Directions:
Reproduce, from the lines below, exactly the stretch that begins at the line containing "Nine Hours, Nhật" and ends at the line containing "Used 2024 Cadillac", both included.

Records shown:
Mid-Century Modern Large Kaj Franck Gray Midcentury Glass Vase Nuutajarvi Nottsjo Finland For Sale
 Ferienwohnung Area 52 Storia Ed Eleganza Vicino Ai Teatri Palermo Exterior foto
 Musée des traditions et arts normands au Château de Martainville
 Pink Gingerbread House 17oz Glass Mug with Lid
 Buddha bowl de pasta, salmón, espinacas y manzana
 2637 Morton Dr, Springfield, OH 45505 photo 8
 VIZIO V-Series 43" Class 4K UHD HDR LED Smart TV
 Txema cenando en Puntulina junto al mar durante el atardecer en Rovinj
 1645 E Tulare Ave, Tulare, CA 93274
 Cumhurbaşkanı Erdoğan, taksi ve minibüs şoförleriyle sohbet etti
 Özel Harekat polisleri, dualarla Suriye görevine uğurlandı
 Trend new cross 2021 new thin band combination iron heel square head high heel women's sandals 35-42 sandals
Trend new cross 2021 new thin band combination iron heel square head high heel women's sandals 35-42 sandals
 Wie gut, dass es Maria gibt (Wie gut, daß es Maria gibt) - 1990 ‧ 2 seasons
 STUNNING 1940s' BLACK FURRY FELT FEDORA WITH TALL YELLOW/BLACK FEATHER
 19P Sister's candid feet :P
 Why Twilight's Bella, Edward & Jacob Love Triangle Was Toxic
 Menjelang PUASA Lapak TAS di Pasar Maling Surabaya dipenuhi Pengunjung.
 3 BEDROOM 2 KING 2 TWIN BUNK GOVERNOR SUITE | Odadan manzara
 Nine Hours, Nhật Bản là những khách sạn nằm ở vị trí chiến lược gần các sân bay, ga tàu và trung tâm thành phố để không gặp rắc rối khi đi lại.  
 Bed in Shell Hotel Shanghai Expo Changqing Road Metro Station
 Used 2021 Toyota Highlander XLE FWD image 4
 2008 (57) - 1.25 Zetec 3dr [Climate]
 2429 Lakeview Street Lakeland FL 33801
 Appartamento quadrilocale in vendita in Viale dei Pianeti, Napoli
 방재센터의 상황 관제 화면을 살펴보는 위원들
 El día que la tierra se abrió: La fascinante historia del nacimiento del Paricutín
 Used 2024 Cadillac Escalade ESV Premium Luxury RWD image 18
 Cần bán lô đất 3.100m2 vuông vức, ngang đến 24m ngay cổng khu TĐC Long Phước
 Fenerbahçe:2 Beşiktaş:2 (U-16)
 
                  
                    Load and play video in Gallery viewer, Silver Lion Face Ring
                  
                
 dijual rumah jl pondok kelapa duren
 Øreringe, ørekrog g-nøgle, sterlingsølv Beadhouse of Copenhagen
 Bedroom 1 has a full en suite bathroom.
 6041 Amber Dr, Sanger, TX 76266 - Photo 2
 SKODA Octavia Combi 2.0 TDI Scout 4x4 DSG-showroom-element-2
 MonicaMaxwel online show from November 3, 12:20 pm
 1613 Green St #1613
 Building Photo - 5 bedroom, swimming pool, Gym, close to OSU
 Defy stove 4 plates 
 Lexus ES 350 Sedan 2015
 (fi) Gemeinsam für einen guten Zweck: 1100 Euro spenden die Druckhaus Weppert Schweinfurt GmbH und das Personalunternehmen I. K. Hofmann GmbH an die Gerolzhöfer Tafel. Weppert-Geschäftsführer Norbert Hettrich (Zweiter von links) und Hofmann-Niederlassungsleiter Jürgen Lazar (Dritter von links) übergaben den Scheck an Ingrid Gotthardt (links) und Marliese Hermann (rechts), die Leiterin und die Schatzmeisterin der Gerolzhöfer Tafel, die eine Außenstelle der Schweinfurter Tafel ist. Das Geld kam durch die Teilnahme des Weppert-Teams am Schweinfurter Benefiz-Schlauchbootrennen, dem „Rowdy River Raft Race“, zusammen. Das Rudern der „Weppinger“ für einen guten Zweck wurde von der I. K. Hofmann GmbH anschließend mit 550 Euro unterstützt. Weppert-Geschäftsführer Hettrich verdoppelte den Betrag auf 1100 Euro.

Answer:
 Nine Hours, Nhật Bản là những khách sạn nằm ở vị trí chiến lược gần các sân bay, ga tàu và trung tâm thành phố để không gặp rắc rối khi đi lại.  
 Bed in Shell Hotel Shanghai Expo Changqing Road Metro Station
 Used 2021 Toyota Highlander XLE FWD image 4
 2008 (57) - 1.25 Zetec 3dr [Climate]
 2429 Lakeview Street Lakeland FL 33801
 Appartamento quadrilocale in vendita in Viale dei Pianeti, Napoli
 방재센터의 상황 관제 화면을 살펴보는 위원들
 El día que la tierra se abrió: La fascinante historia del nacimiento del Paricutín
 Used 2024 Cadillac Escalade ESV Premium Luxury RWD image 18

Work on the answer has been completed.